> [EXERCISE AIM] Write out, word for word, each line from the start of the entries through the one holding "Trwyn Du Lighthouse"; omit the pictures.

> [Captioned web image data]
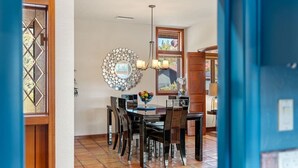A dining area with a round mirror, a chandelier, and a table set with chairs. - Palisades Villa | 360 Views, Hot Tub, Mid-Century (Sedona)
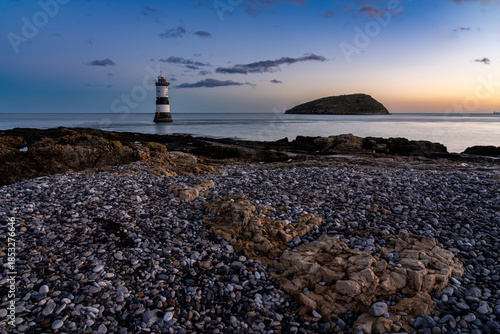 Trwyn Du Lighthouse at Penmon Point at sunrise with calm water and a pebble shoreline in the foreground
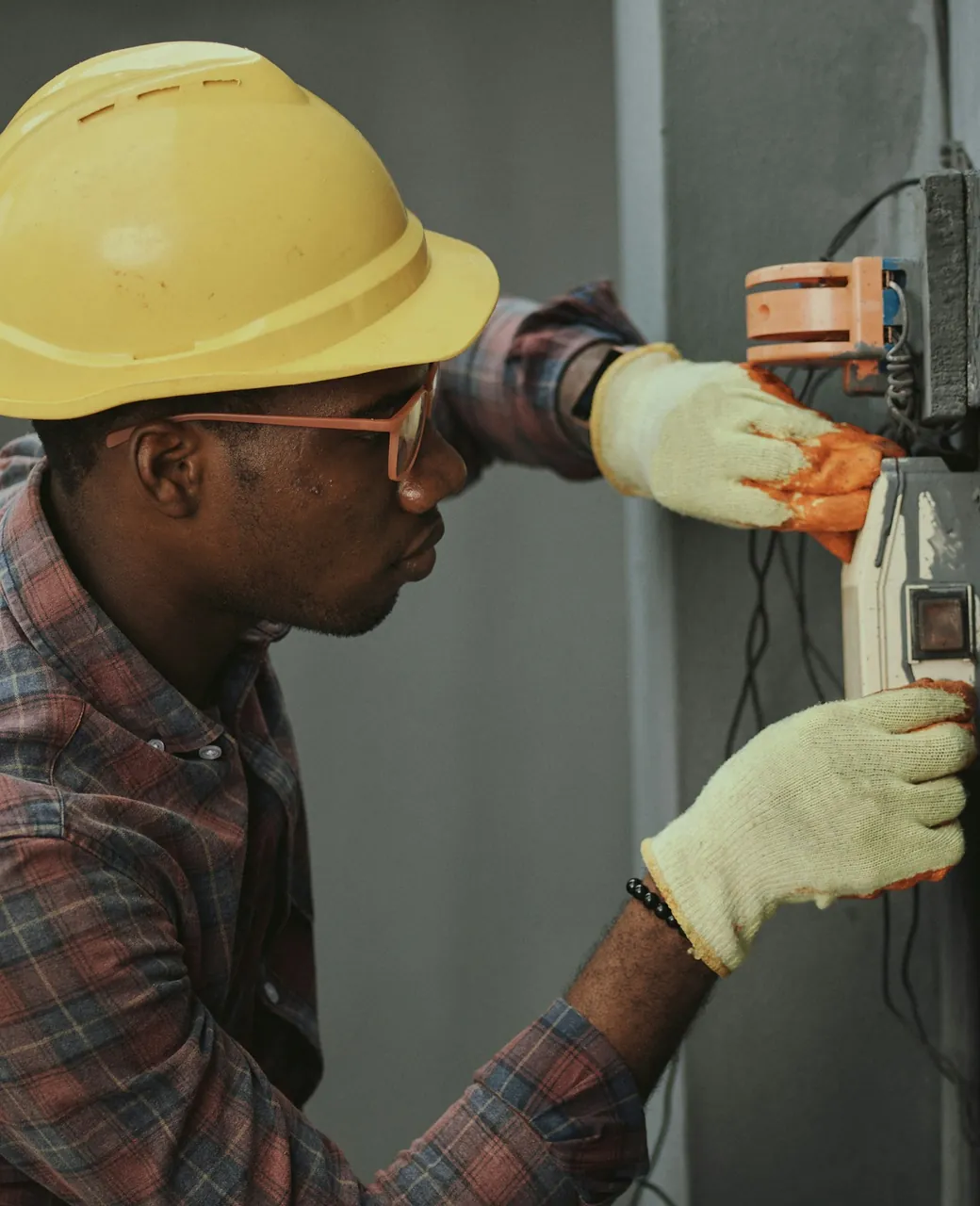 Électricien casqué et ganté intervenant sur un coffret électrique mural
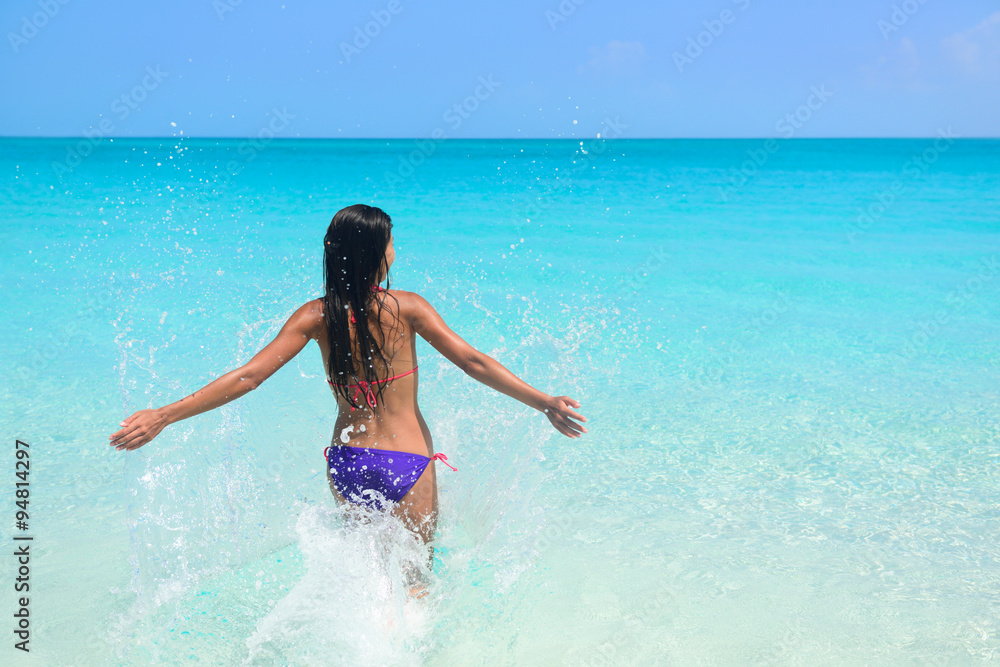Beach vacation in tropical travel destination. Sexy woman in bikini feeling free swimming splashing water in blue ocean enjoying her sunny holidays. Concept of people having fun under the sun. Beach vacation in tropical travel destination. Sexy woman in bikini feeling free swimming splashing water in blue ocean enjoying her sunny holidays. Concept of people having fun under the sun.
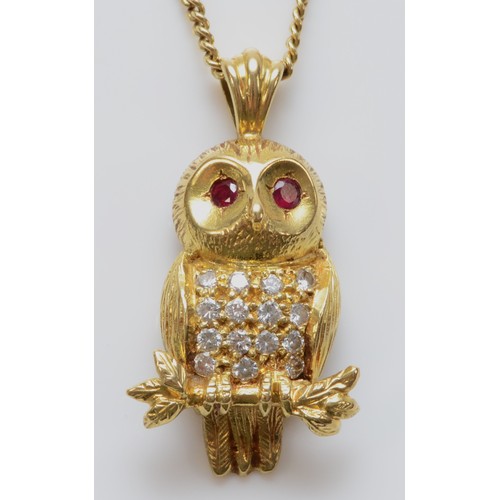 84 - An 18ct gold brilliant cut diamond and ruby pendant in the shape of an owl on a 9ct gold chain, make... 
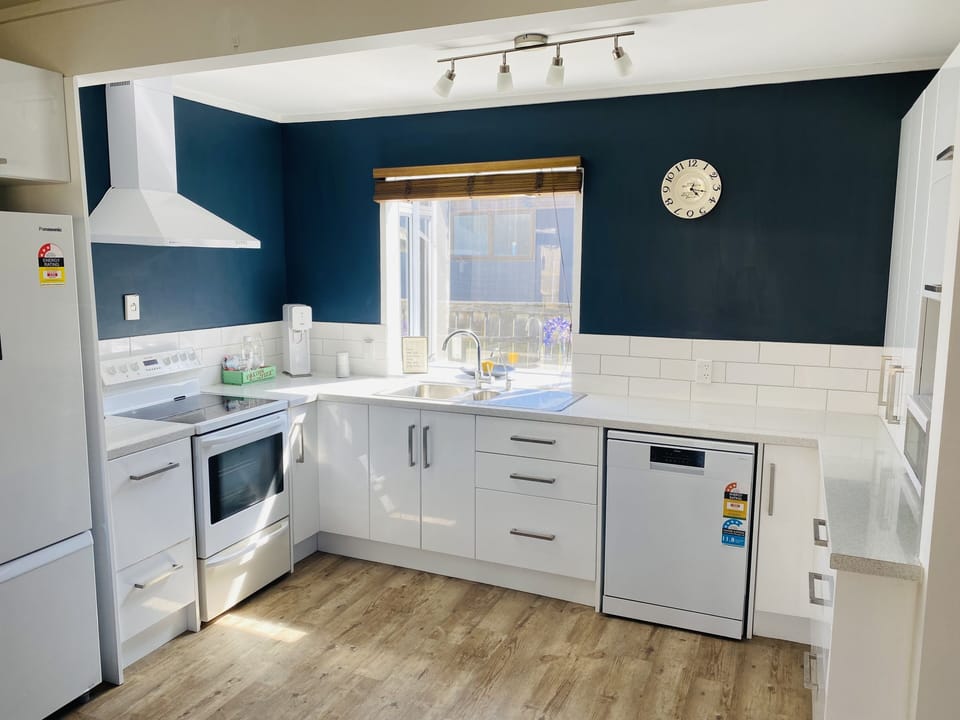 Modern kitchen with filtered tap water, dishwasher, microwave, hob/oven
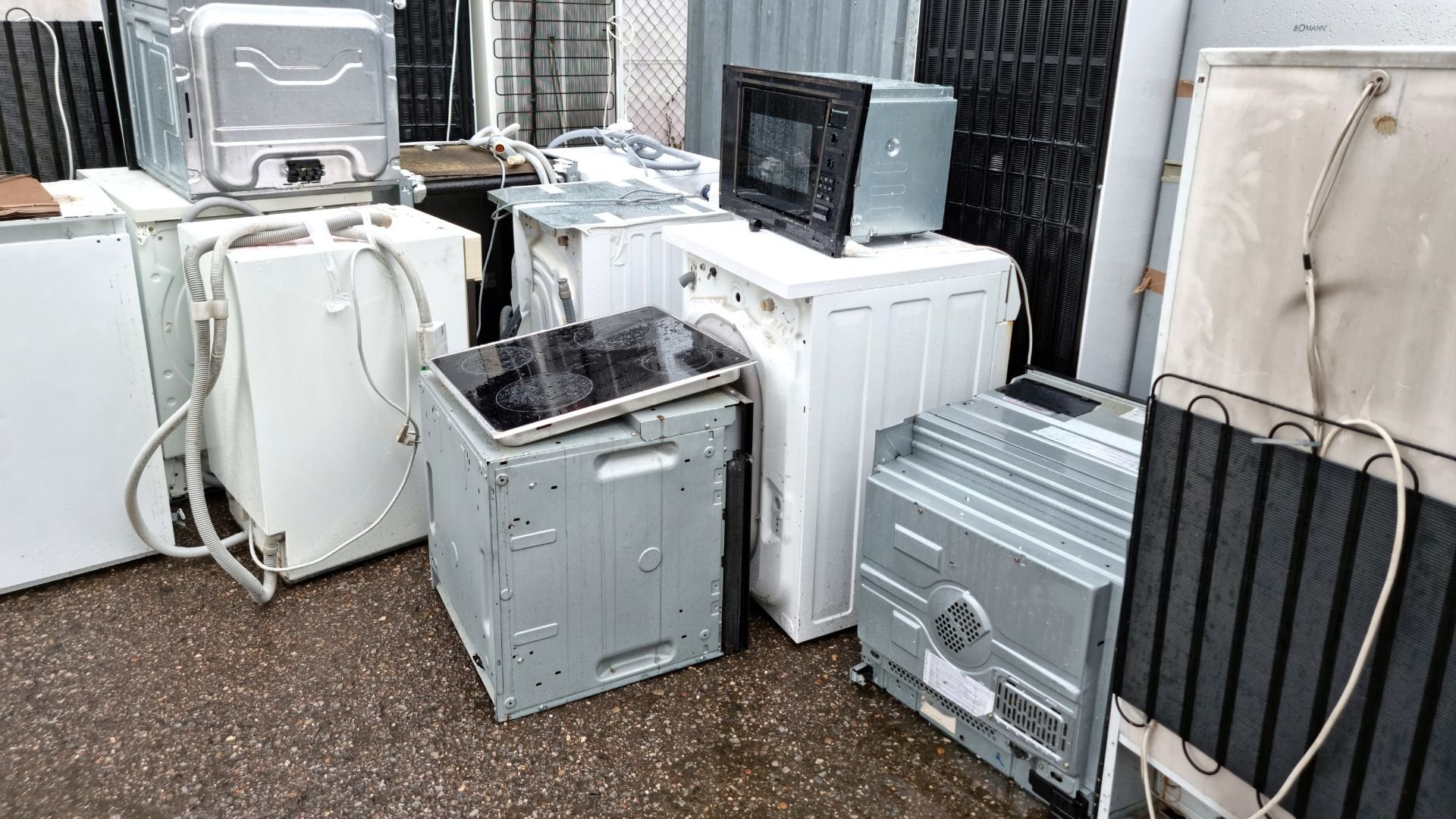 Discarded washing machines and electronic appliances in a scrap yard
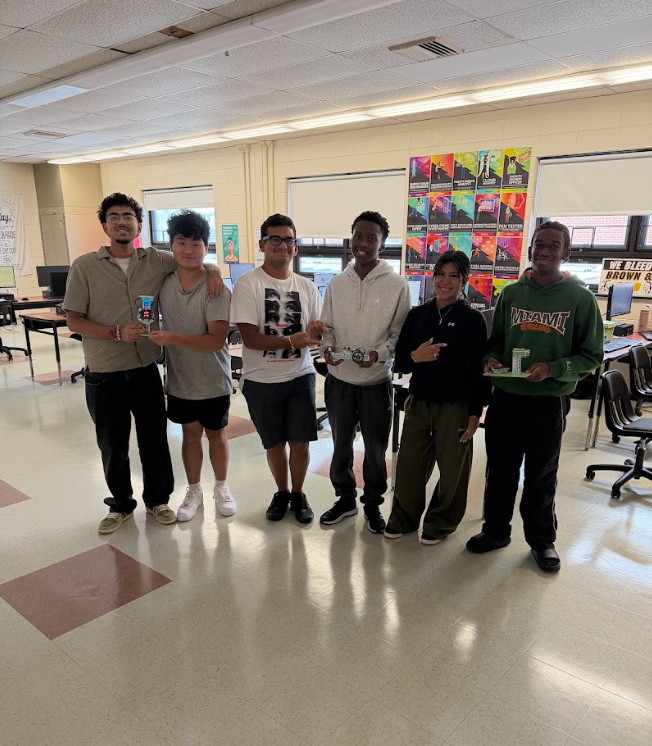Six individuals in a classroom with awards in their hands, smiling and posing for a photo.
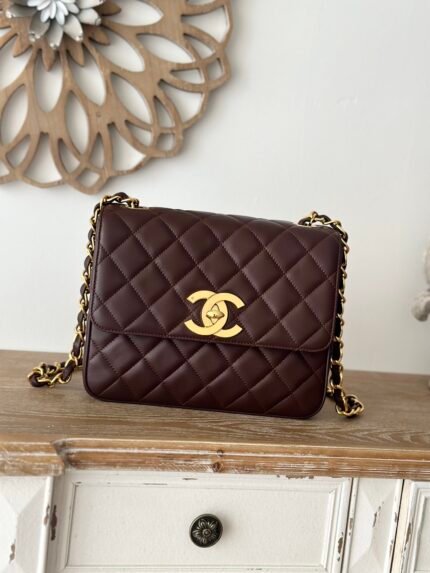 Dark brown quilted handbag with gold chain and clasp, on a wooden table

> [TASK OUTPUT]
A dining area with a round mirror, a chandelier, and a table set with chairs. - Palisades Villa | 360 Views, Hot Tub, Mid-Century (Sedona)
 Trwyn Du Lighthouse at Penmon Point at sunrise with calm water and a pebble shoreline in the foreground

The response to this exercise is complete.